EXERCISE REQUIREMENTS
Give all of the data below again exactly, and drop the images.
(TASK MATERIAL)
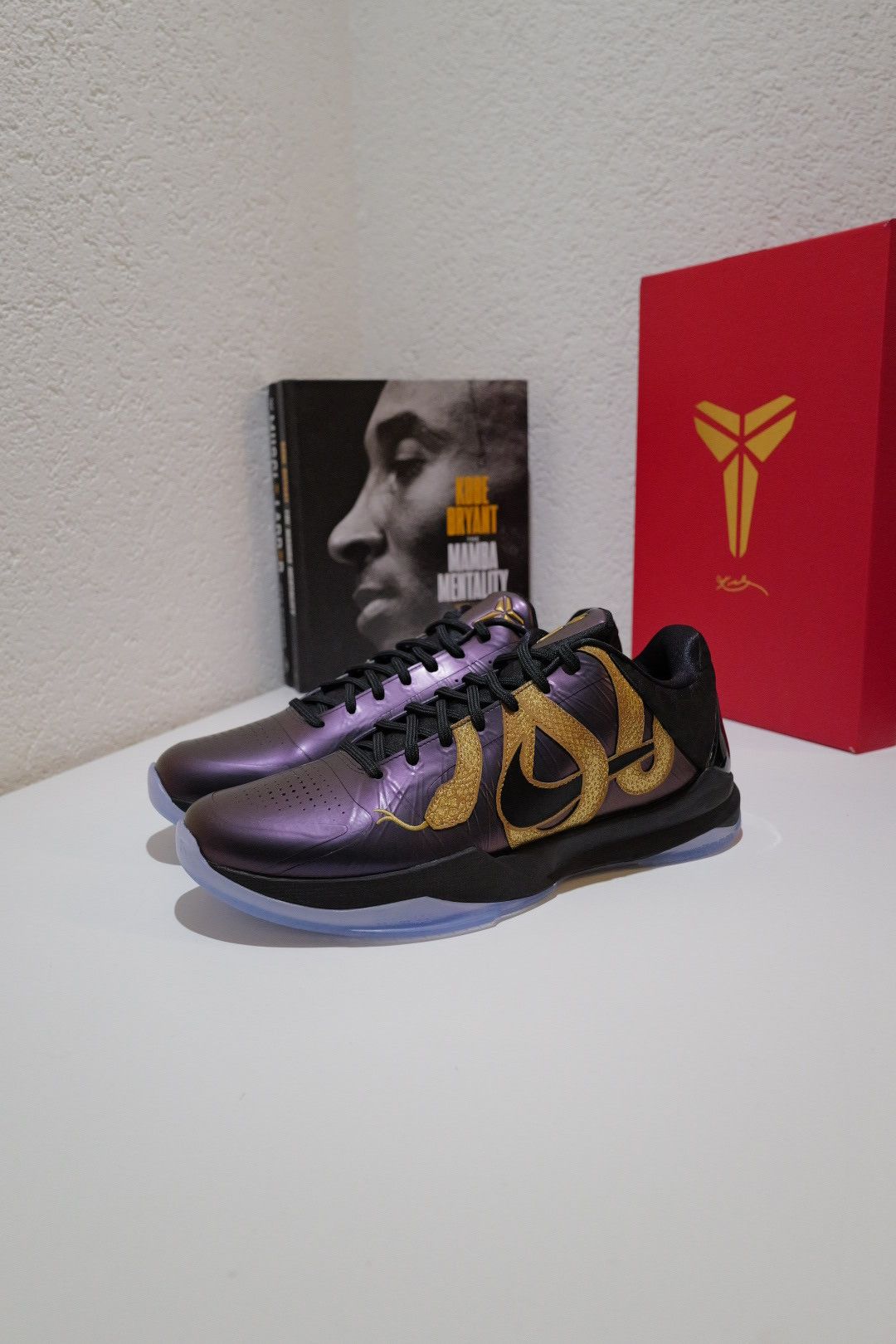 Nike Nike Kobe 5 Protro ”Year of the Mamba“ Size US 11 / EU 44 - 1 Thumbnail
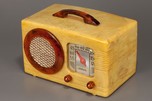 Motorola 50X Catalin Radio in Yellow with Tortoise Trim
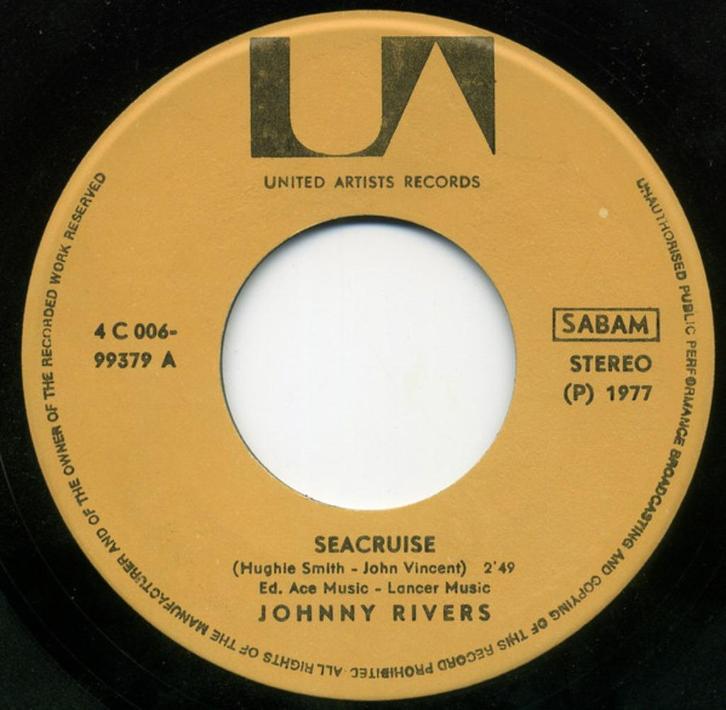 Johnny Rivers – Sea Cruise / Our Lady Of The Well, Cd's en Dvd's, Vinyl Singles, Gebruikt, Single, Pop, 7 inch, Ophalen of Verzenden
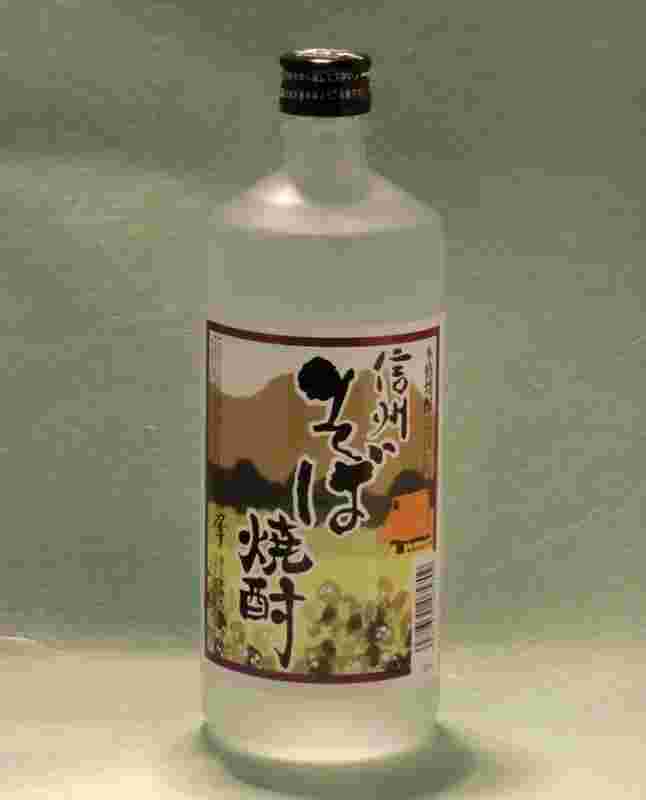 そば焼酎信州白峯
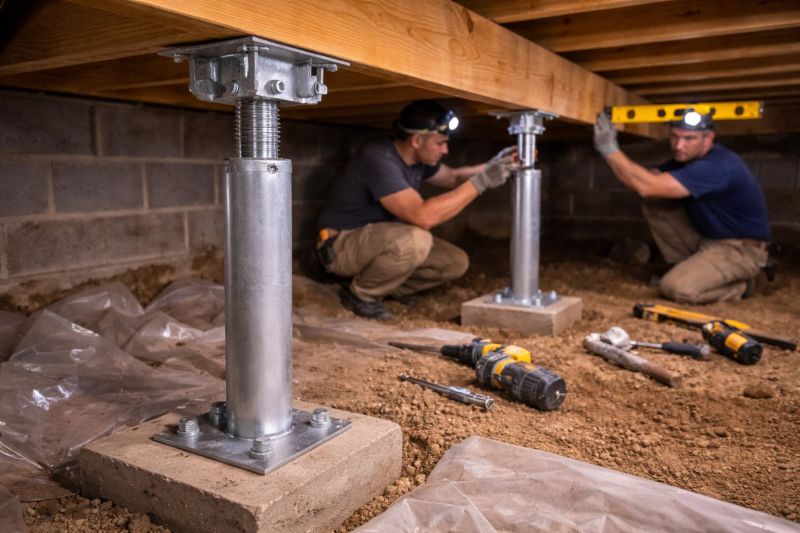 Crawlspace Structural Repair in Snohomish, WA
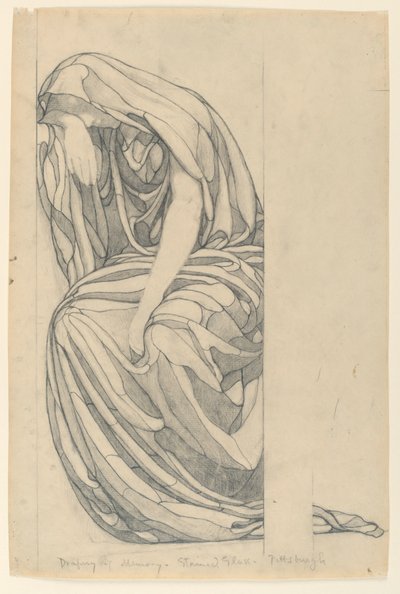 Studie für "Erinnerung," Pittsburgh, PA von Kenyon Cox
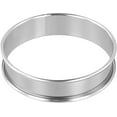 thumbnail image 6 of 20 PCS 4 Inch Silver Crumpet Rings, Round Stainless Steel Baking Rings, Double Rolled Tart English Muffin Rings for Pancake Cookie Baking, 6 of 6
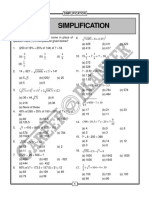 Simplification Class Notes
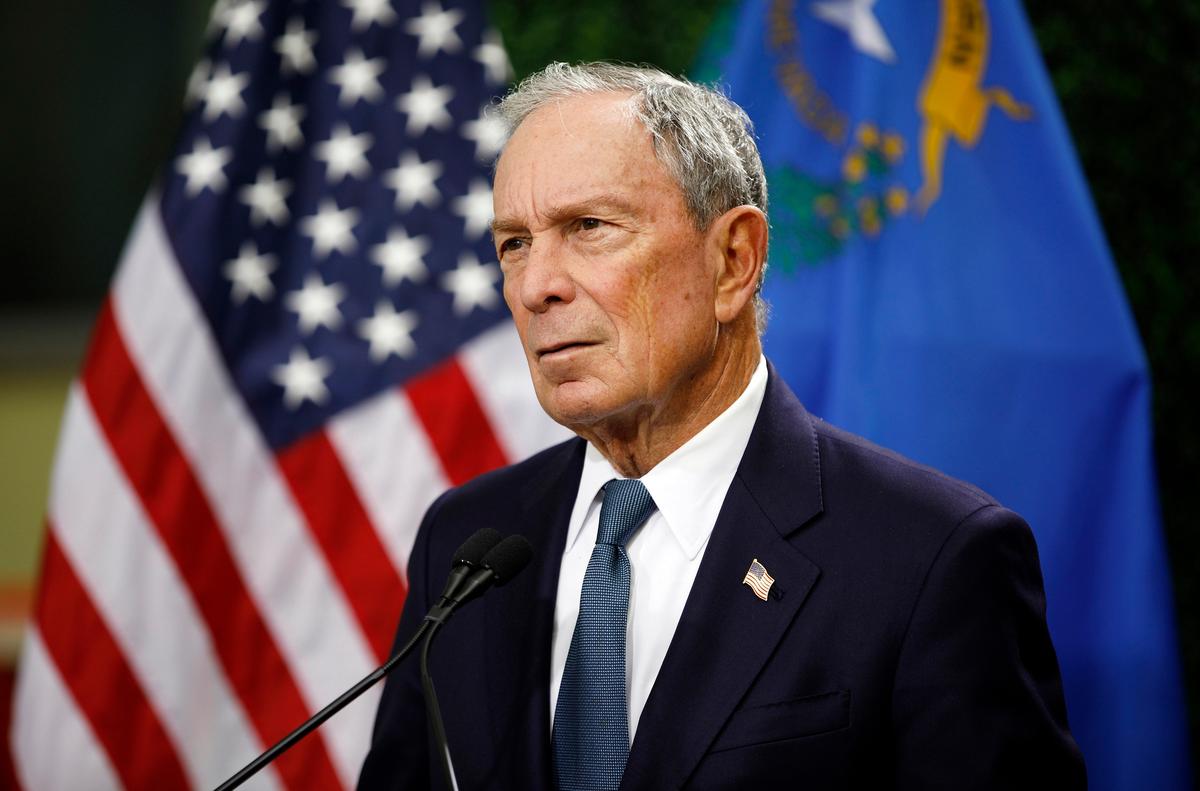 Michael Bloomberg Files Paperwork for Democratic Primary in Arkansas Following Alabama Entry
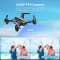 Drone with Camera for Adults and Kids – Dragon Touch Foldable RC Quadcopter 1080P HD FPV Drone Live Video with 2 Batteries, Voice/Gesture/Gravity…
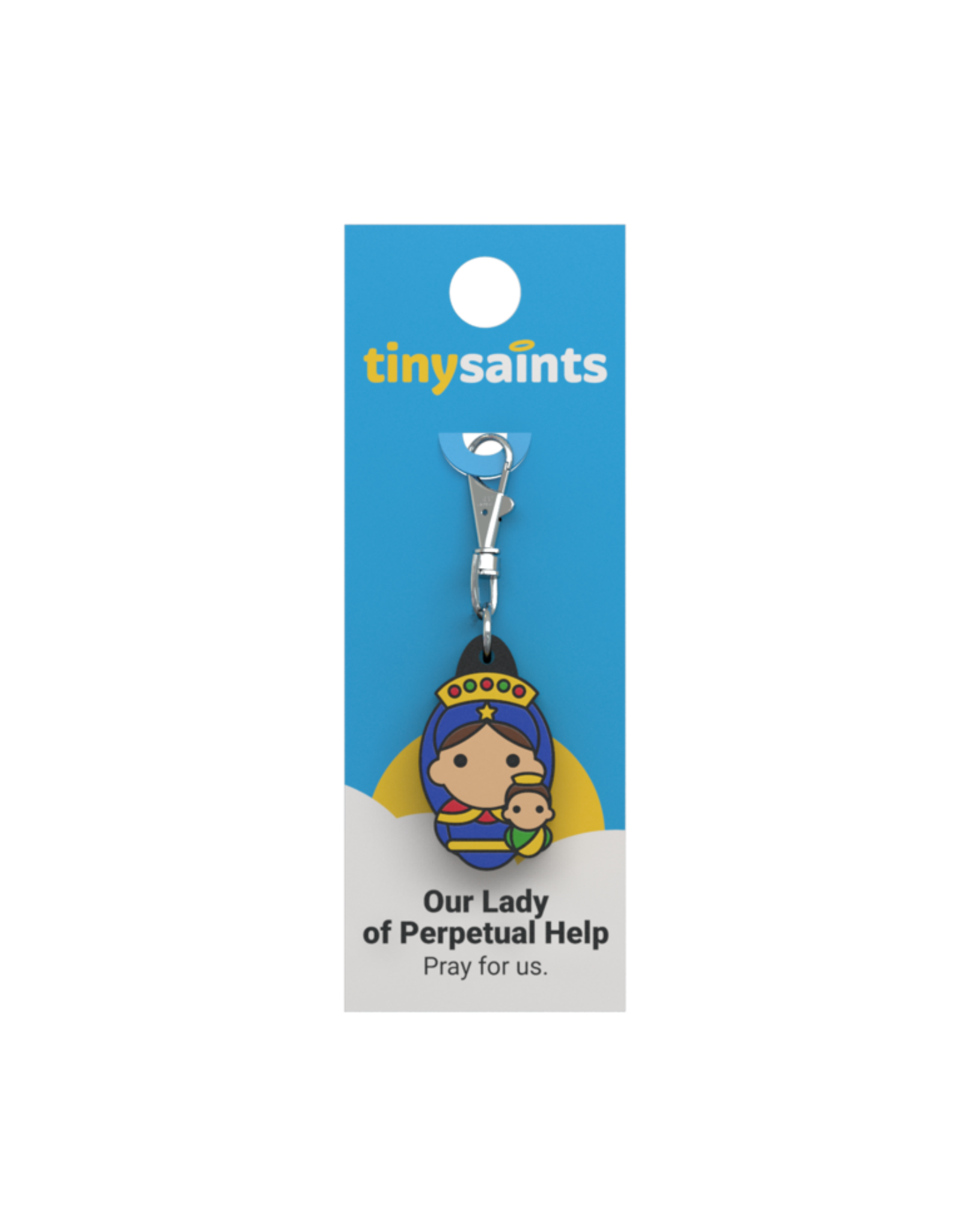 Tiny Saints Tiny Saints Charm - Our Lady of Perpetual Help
(End TASK MATERIAL)
FINISHED TASK
 Nike Nike Kobe 5 Protro ”Year of the Mamba“ Size US 11 / EU 44 - 1 Thumbnail
 Motorola 50X Catalin Radio in Yellow with Tortoise Trim
 Johnny Rivers – Sea Cruise / Our Lady Of The Well, Cd's en Dvd's, Vinyl Singles, Gebruikt, Single, Pop, 7 inch, Ophalen of Verzenden
 そば焼酎信州白峯
 Crawlspace Structural Repair in Snohomish, WA
 Studie für "Erinnerung," Pittsburgh, PA von Kenyon Cox
 thumbnail image 6 of 20 PCS 4 Inch Silver Crumpet Rings, Round Stainless Steel Baking Rings, Double Rolled Tart English Muffin Rings for Pancake Cookie Baking, 6 of 6
 Simplification Class Notes
 Michael Bloomberg Files Paperwork for Democratic Primary in Arkansas Following Alabama Entry
 Drone with Camera for Adults and Kids – Dragon Touch Foldable RC Quadcopter 1080P HD FPV Drone Live Video with 2 Batteries, Voice/Gesture/Gravity…
 Tiny Saints Tiny Saints Charm - Our Lady of Perpetual Help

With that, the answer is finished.